Using the data that follows, output only the lines from the line with "マルイ　M92Fクロームステンレス　動作良好　予備マガジン付き" up to and including the line with "Diferencias de un", exactly, leaving pictures aside.

════════════════

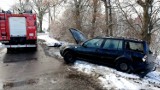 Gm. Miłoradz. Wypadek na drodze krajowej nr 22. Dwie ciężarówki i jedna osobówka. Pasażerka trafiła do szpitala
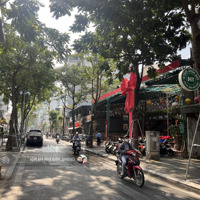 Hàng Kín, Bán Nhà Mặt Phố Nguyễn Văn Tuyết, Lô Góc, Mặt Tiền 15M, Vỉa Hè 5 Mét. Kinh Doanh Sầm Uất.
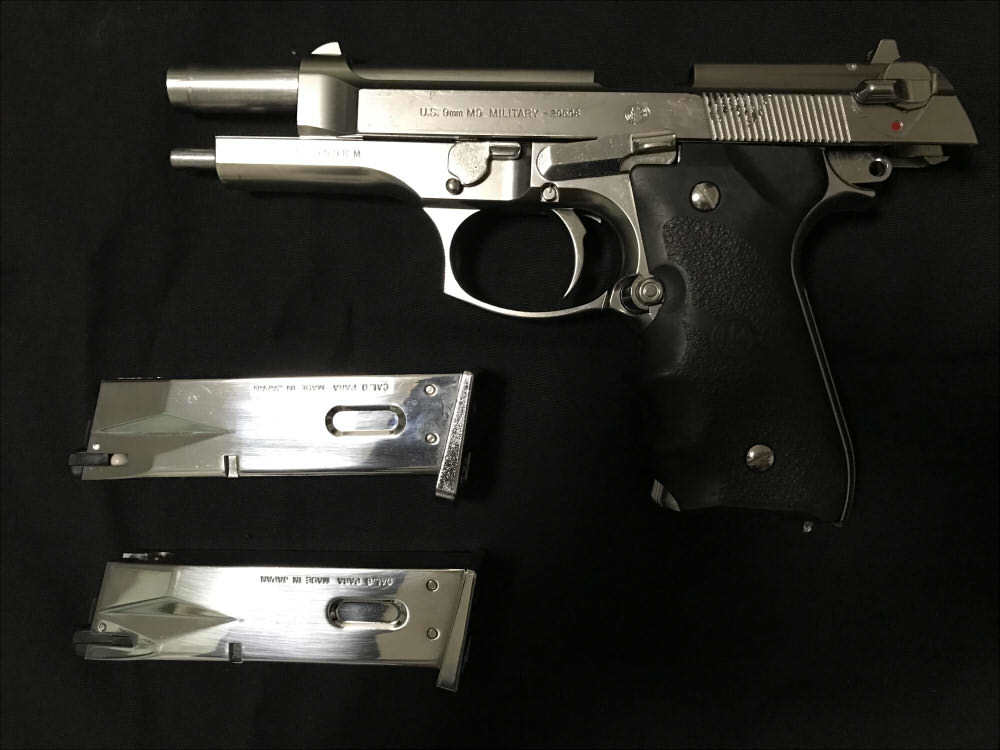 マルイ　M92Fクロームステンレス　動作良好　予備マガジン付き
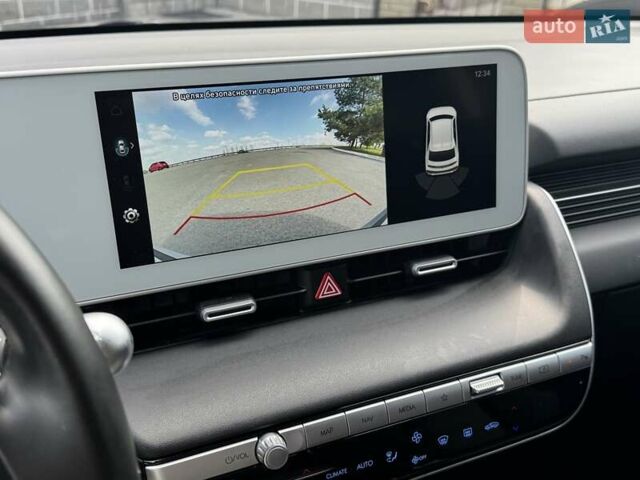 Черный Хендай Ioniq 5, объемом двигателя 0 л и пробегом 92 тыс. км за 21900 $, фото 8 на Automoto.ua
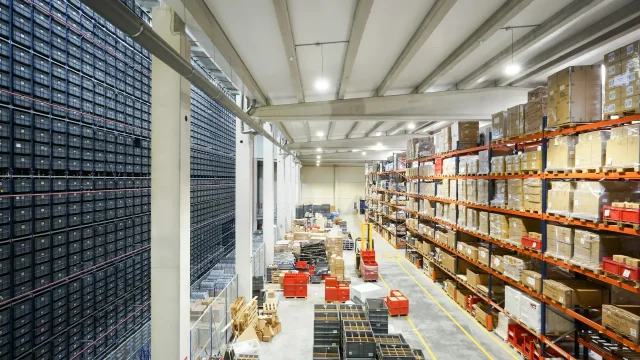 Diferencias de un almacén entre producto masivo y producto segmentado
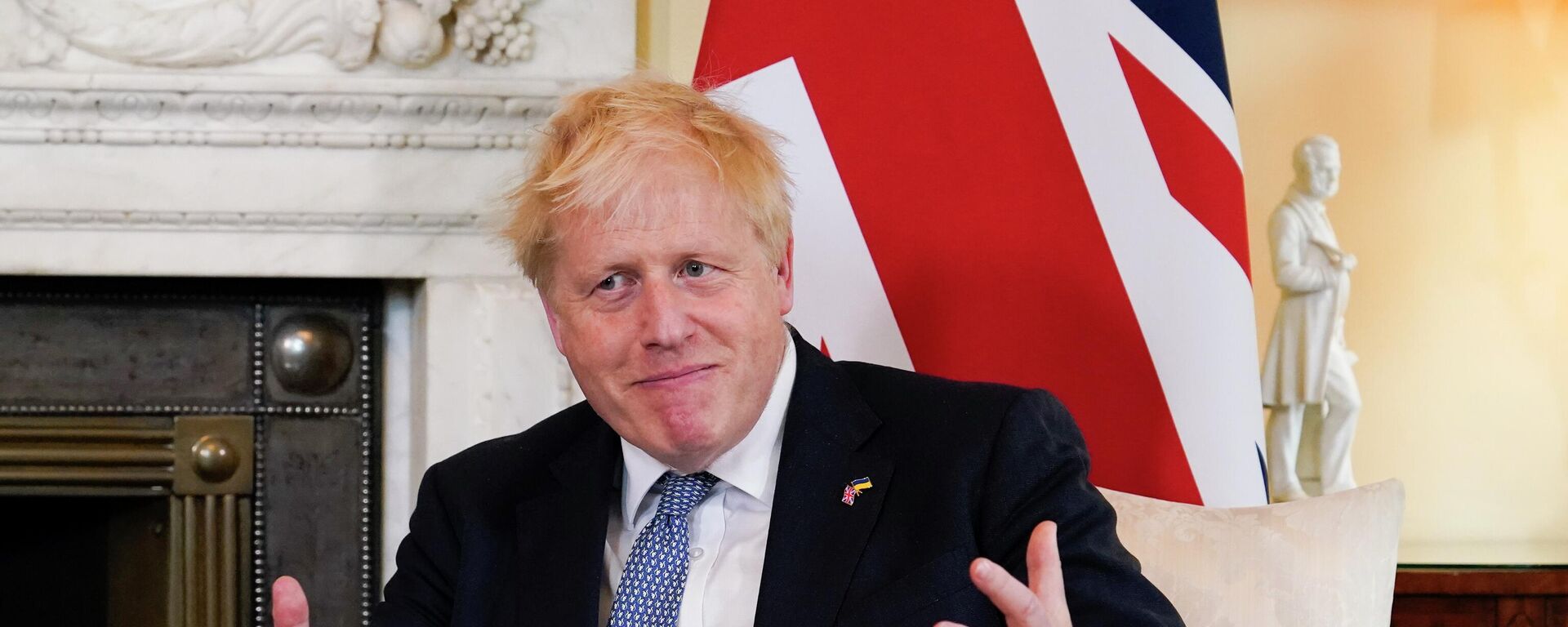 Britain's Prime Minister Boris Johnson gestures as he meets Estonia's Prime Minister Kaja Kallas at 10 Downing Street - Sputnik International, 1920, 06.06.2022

════════════════

Response box:
 マルイ　M92Fクロームステンレス　動作良好　予備マガジン付き
 Черный Хендай Ioniq 5, объемом двигателя 0 л и пробегом 92 тыс. км за 21900 $, фото 8 на Automoto.ua
 Diferencias de un almacén entre producto masivo y producto segmentado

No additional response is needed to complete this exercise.